Distinct mechanisms for the impact of distraction and interruption on working memory in aging

Abstract

Interference is known to negatively impact the ability to maintain information in working memory (WM), an effect that is exacerbated with aging. Here, we explore how distinct sources of interference, i.e., distraction (stimuli to-be-ignored) and interruption (stimuli requiring attention), differentially influence WM in younger and older adults. EEG was recorded while participants engaged in three versions of a delayed-recognition task: no interference, a distracting stimulus, and an interrupting stimulus presented during WM maintenance. Behaviorally, both types of interference negatively impacted WM accuracy in older adults significantly more than younger adults (with a larger deficit for interruptions).

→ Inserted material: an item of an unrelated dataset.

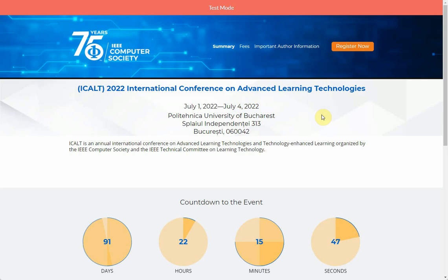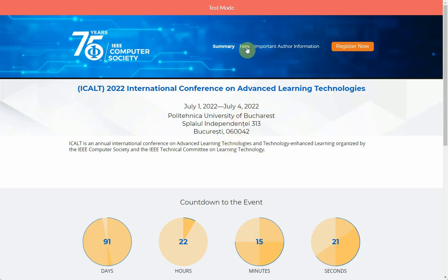Hello everyone. In this video I'm going to show you how to use the online registration system to make a registration for iCard 2022, either author registration or non-author registration process. The first screen you will see looks like this one. You can see the fees and important information, and you can click 'Register Now'.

N170 latency measures revealed that the degree of processing both distractors and interruptors predicted WM accuracy in both populations. However, while WM impairments could be explained by excessive attention to distractors by older adults (a suppression deficit), impairment induced by interruption were not clearly mediated by age-related increases in attention to interruptors. These results suggest that distinct underlying mechanisms mediate the impact of different types of external interference on WM in normal aging.

Figure 1

Interference conceptual framework.

Figure 2

Experimental Paradigm. All participants performed 4 tasks, which were blocked and counterbalanced.

Figure 3

Working Memory Accuracy and Impact of Interference. A) Participants performed best in the No Interference task (NI), followed by the Distractor task (DS), and then the Interruptor task (IS) (all comparisons are significantly different, p<.05). The older participants performed with a lower WM accuracy on all tasks. B) Older participants has a greater impact on WM performance by both the distractor (DS) and the interruptor (IS), when corrected by their performance without interference (p<.05). Note: asterisks represent significant differences between age groups.

Figure 4

Incidental Long Term Memory Recognition. Older participants recognized interfering stimuli presented in the experiment more than younger adults and remembered them as well as the cues stimuli. Note: single asterisks represent significant differences from 0, and double asterisks represent significant differences between ages/conditions.

Figure 5

Grand-Averaged Event Related Potentials to Intervening Stimuli. A) GAV ERPs from younger participants for Distractor stimuli (DS), Interruptor stimuli (IS) and passively viewed intervening stimuli (PV). B) ERPs from older participants. C) N170 latency measures to Intervening Stimuli. Both younger and older participants significantly enhanced the interruptors (earlier peaks compared to passively viewed intervening stimuli). Unlike younger adults, older participants also showed enhancement for the distracting stimuli. D) Comparisons of N170 latency attentional modulation indices between age groups. Older participants allocated more attention towards distractors than younger participants (suppression index), but did not differ in attention allocated towards interruptors (enhancement index).

Figure 6

Neurobehavioral correlations of the N170 latency attentional modulation indices. In both (A) younger and (B) older age groups, participants that enhance the interruptor more (upper panels) perform worse on the WM task. Likewise, participants that suppress the distractor more (upper panels) perform better on the WM task. Note: More positive value on the x-axis indicate greater enhancement above baseline or greater suppression below baseline.